The Memorial Church project and new exhibits at the Archaearium are headed separately by the archaeologists at Jamestown Rediscovery, a nonprofit part of Preservation Virginia. The archaeologists have planned their exhibits based on the items and stories they’ve found through their archaeological digs.
“Archaeology is education,” said archaeologist Dave Givens. “What are we doing if not educating the hearts and minds of the American public?”
The church and cemetery
Jamestown Rediscovery has partnered with Stemann Pease Architecture to make the inside of the Memorial Church into a representation of the first Jamestown church — built in 1617 — where the House of Burgesses first met.
The site inside the church where archaeologists believe they found the remains of Virginia governor Sir George Yeardley was filled in with a special stone dust around the end of October to make way for the new setup.
A glass window in the Memorial Church floor will show the foundation of the second version of the church, built in the 1640s on the same site, Givens said.
The setup will include wood and brick flooring, handmade wooden pews, an altar, altar rail, the church’s chancel and choir — just as archaeologists believed the church to have looked.

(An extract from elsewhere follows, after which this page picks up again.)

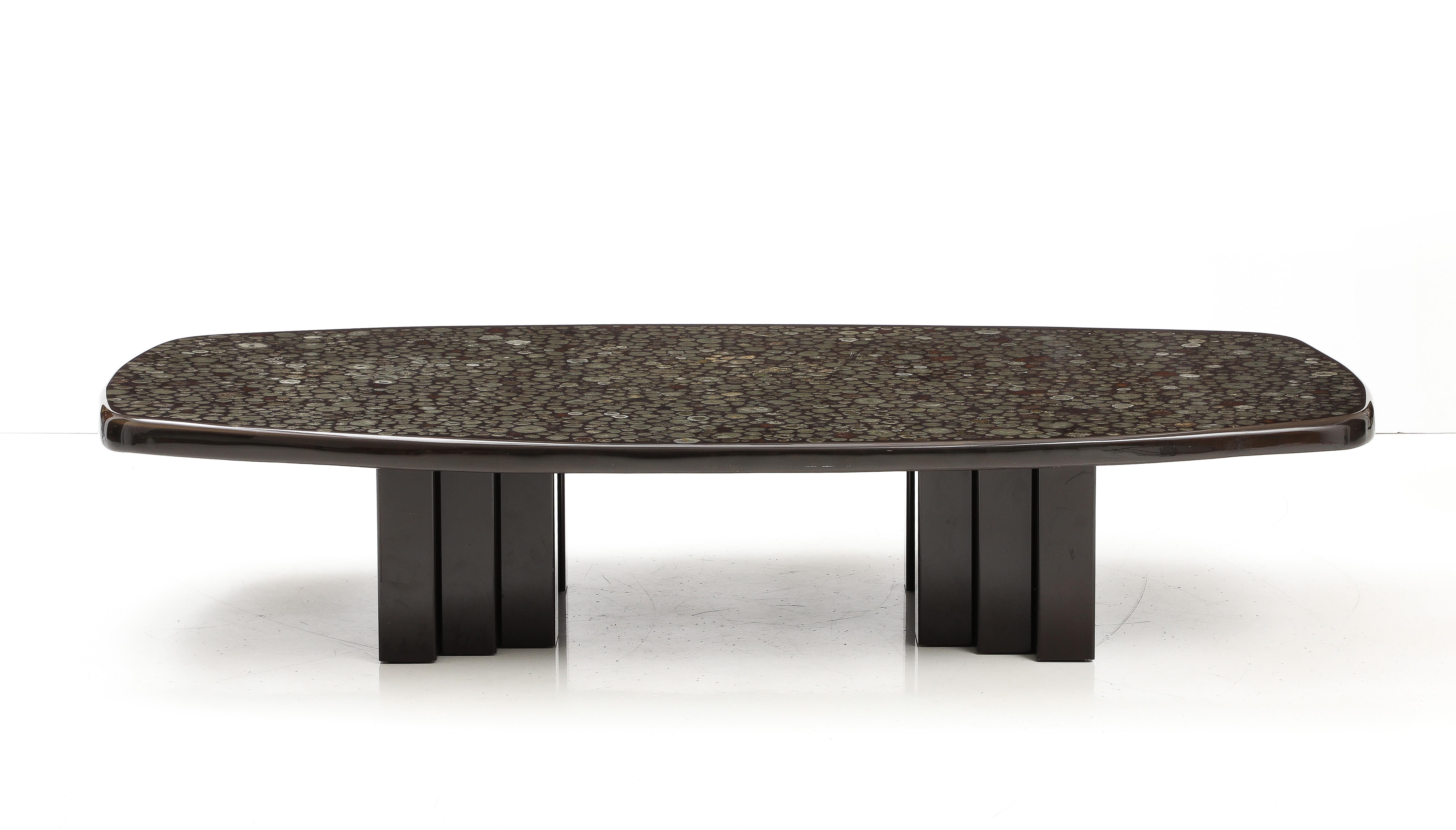 Christian Krekels Table basse rectangulaire noire incrustée de minéraux Bon état - En vente à New York, NY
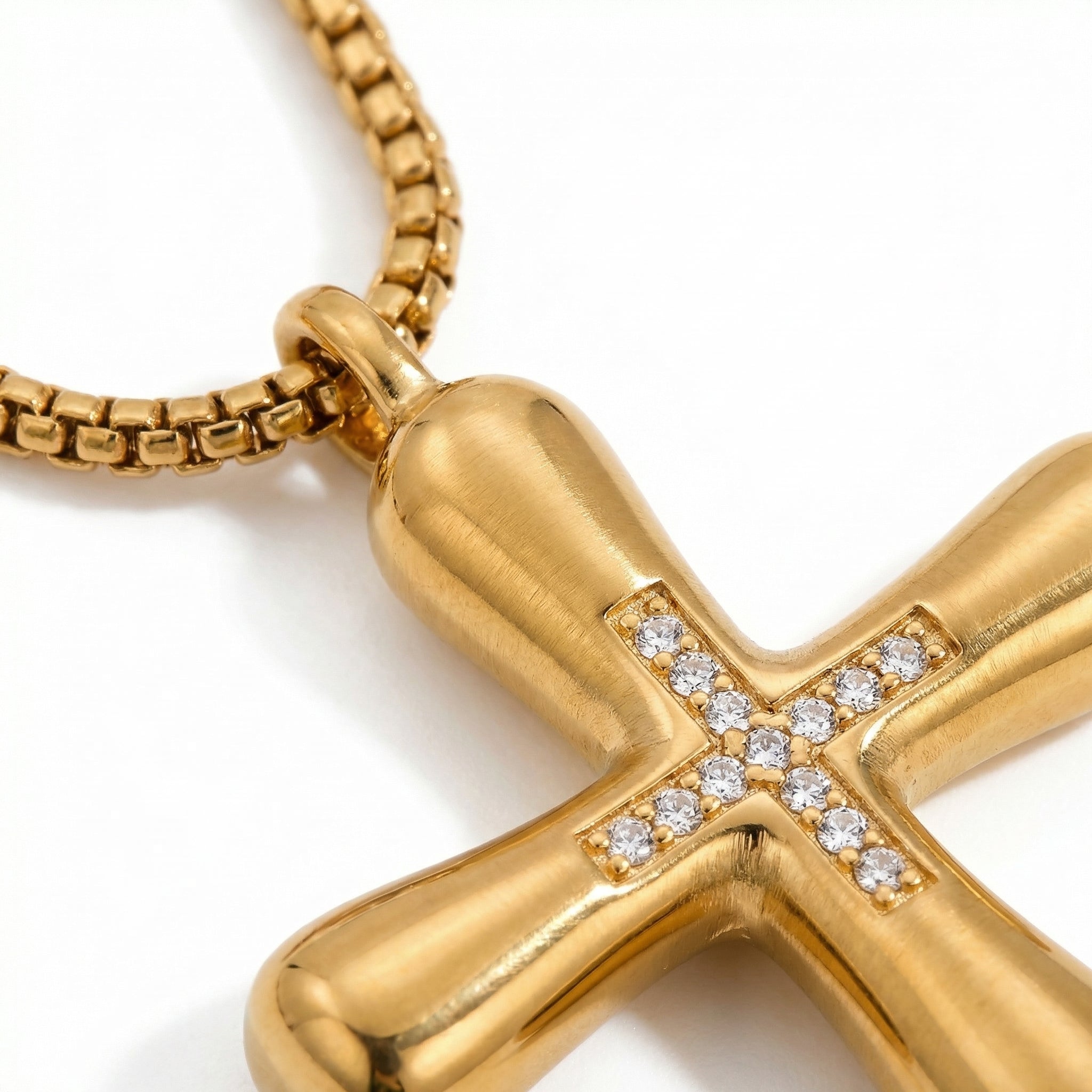 The Croix Necklace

The benches were made by the Ford’s Colony Woodworkers Club. Work began on the pews last fall after Givens and Lavin went on a trip to England to gauge how 17th-century churches should look.
Givens said the church is also working to restore the cemetery outside the Memorial Church. The cemetery, which had been robbed and vandalized over time, was haphazardly put back together using Portland cement in the early 1900s.
Jonathan Appell from Atlas Preservation is working on putting the graves back together and identifying and matching various pieces.
Within view of the Memorial Church, the Archaearium museum hopes to complete the 2019 Commemoration package with new exhibits.
The Archaearium is built over the location of the Jamestown Statehouse, where the General Assembly met until the capital of Virginia moved to Williamsburg in 1698, said Jamie May, director of the Voorhees Archaearium Museum.
Many of the new exhibits aim to illuminate a comparison between different points in time at Jamestown.
“We wanted to tell more of the story,” Lavin said, adding that the museum featured many stories from the early years of Jamestown, but not as many showing
One new exhibit will include items found by archaeologists that show foodways from various points in history at Jamestown. As Lord De La Warr implemented martial law around 1610, wares for food grew larger and more utilitarian.
Another exhibit will take up the last part of the Archaearium museum before the gift shop. It will be titled “From Fort to Port” and feature archaeological evidence on how the site transitioned from a English colony to an English town site.
Full-size realistic models of Jamestown’s buildings will also show how building methods changed over time. Many earlier buildings were mud-and-stud starting in 1607 when colonists arrived in the New World, but progressed to timber frame around 1611.
“They were thinking more permanently, even in 1610,” May said.
Update: Jamestown Rediscovery announced Wednesday the Jamestowne Society contributed more than $150,000 to Historic Jamestown for ongoing archaeology in and around the 1907 Memorial Church. Members of the Jamestowne Society trace their lineage back to Jamestown’s earliest settlers and leaders.